• Available data:

--

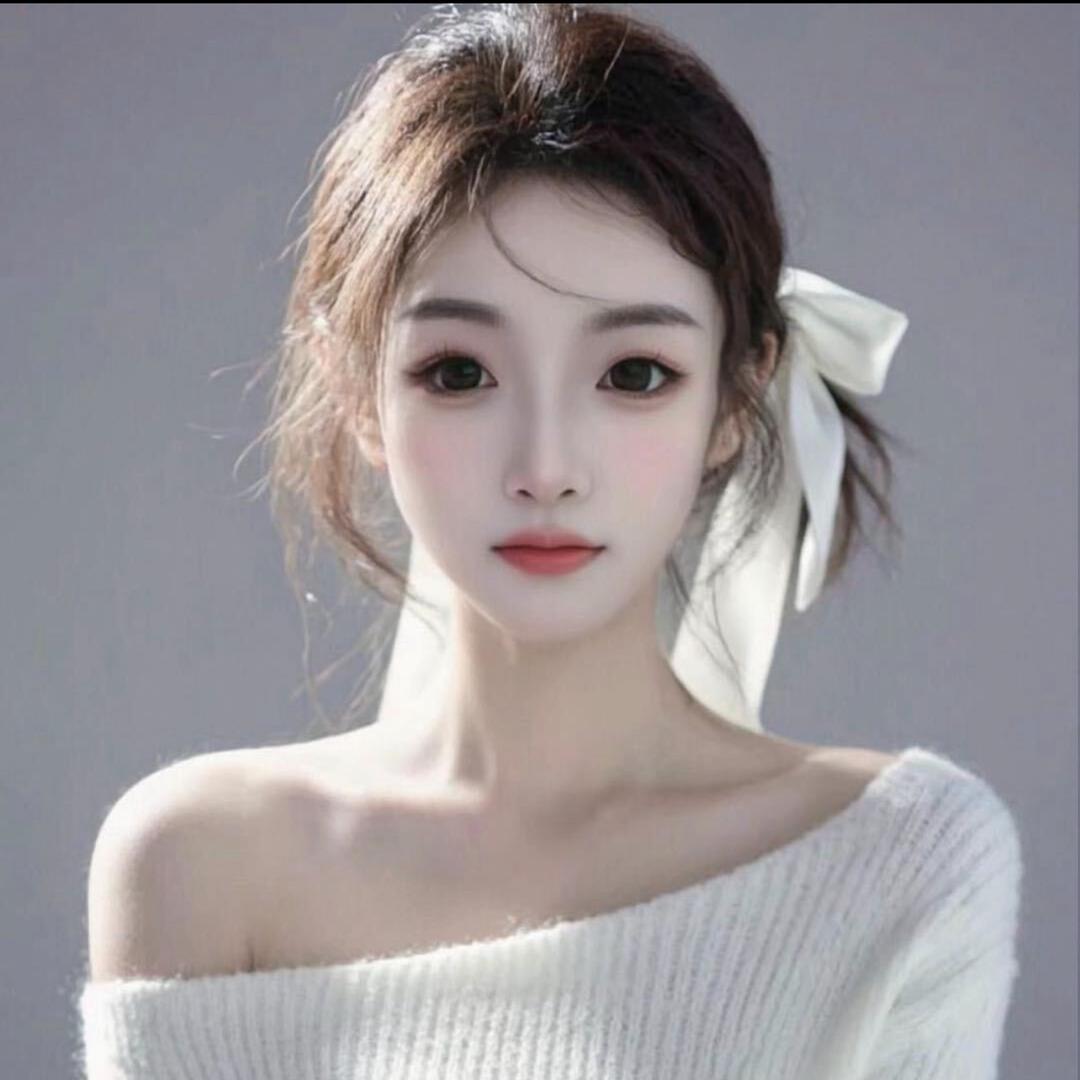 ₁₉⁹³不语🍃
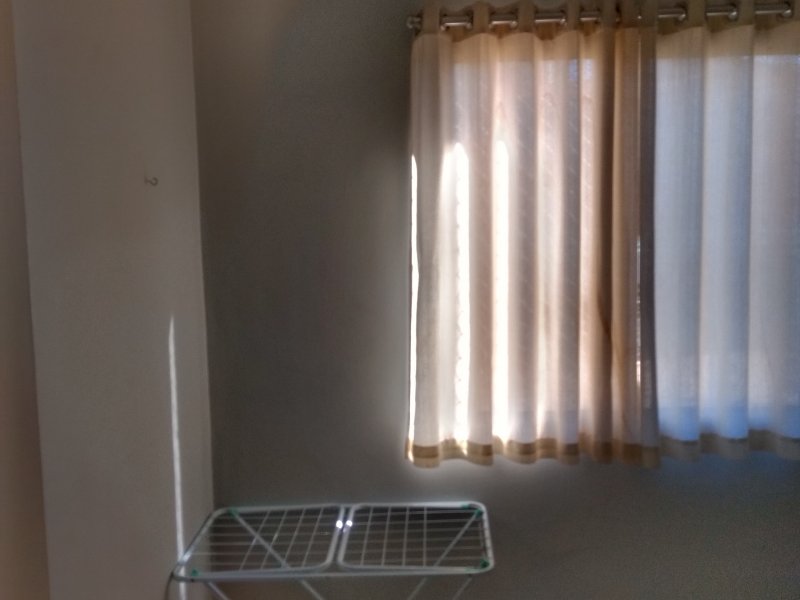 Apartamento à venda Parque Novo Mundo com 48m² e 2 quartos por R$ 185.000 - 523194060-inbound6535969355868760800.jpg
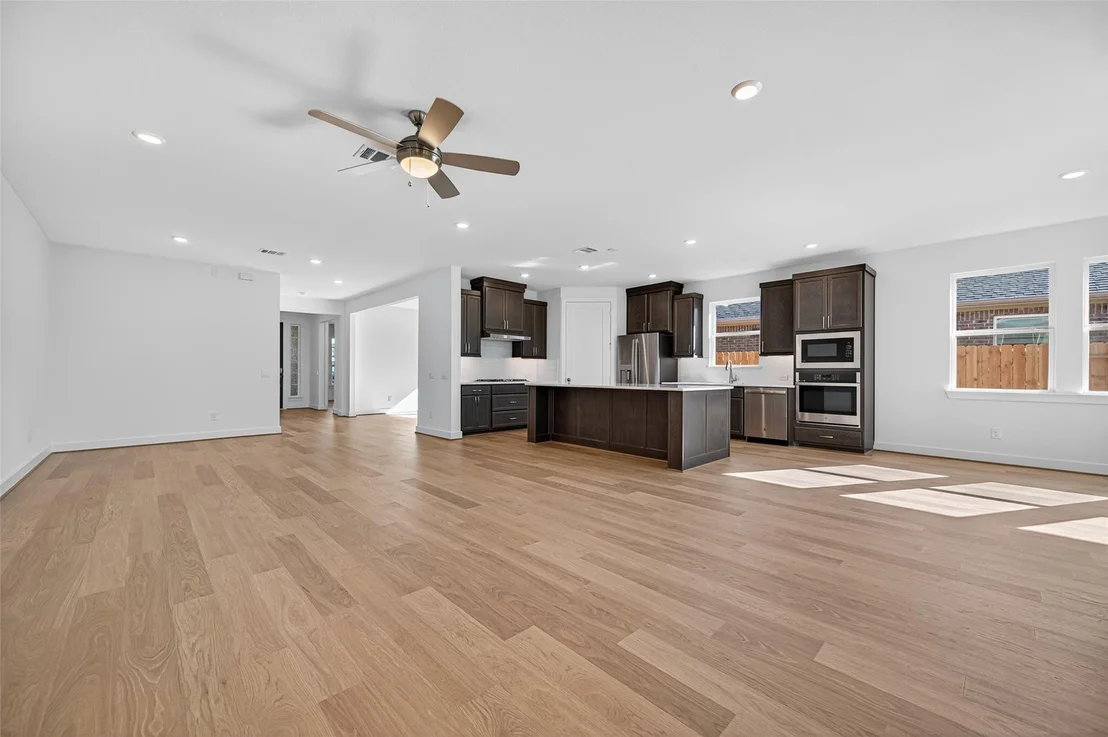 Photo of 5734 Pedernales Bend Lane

--

• Activity:
Transcribe the listing above in full. Pictures are not part of the copy.

• Written solution:
 ₁₉⁹³不语🍃
 Apartamento à venda Parque Novo Mundo com 48m² e 2 quartos por R$ 185.000 - 523194060-inbound6535969355868760800.jpg
 Photo of 5734 Pedernales Bend Lane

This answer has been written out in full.